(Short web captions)
[Start of section]

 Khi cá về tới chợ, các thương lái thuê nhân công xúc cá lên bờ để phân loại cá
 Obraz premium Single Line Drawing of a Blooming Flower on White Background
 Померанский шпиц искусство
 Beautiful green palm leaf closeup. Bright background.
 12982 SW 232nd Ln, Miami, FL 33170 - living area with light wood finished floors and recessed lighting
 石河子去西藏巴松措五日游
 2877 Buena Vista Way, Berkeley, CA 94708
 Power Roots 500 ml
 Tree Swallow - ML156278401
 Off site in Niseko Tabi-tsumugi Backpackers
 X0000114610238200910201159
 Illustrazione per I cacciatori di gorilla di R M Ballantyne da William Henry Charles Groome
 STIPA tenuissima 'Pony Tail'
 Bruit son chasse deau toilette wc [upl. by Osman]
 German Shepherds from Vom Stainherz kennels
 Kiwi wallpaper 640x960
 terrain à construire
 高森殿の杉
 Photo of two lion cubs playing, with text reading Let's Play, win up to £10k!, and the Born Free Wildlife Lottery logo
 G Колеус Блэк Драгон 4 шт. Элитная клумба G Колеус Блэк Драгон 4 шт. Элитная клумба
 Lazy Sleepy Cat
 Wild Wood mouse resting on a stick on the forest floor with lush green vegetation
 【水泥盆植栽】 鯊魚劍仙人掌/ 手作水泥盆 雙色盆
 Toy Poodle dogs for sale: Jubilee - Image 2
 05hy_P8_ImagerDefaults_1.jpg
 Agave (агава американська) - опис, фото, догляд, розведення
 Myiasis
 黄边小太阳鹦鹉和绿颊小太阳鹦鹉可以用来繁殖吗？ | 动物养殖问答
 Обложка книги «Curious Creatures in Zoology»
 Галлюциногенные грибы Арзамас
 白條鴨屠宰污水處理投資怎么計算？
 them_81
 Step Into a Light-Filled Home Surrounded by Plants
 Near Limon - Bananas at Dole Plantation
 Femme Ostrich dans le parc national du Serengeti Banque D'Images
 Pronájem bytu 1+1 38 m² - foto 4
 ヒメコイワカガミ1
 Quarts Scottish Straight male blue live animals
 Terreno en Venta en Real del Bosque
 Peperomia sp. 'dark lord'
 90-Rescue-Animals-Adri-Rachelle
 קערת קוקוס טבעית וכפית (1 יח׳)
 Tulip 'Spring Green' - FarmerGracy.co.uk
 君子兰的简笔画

[End of section]

• **Work instruction**
Transcribe, exactly as written, all lines of the entries above from the first to the one containing "Beautiful green palm", and no more.

• **Answer to this task**
 Khi cá về tới chợ, các thương lái thuê nhân công xúc cá lên bờ để phân loại cá
 Obraz premium Single Line Drawing of a Blooming Flower on White Background
 Померанский шпиц искусство
 Beautiful green palm leaf closeup. Bright background.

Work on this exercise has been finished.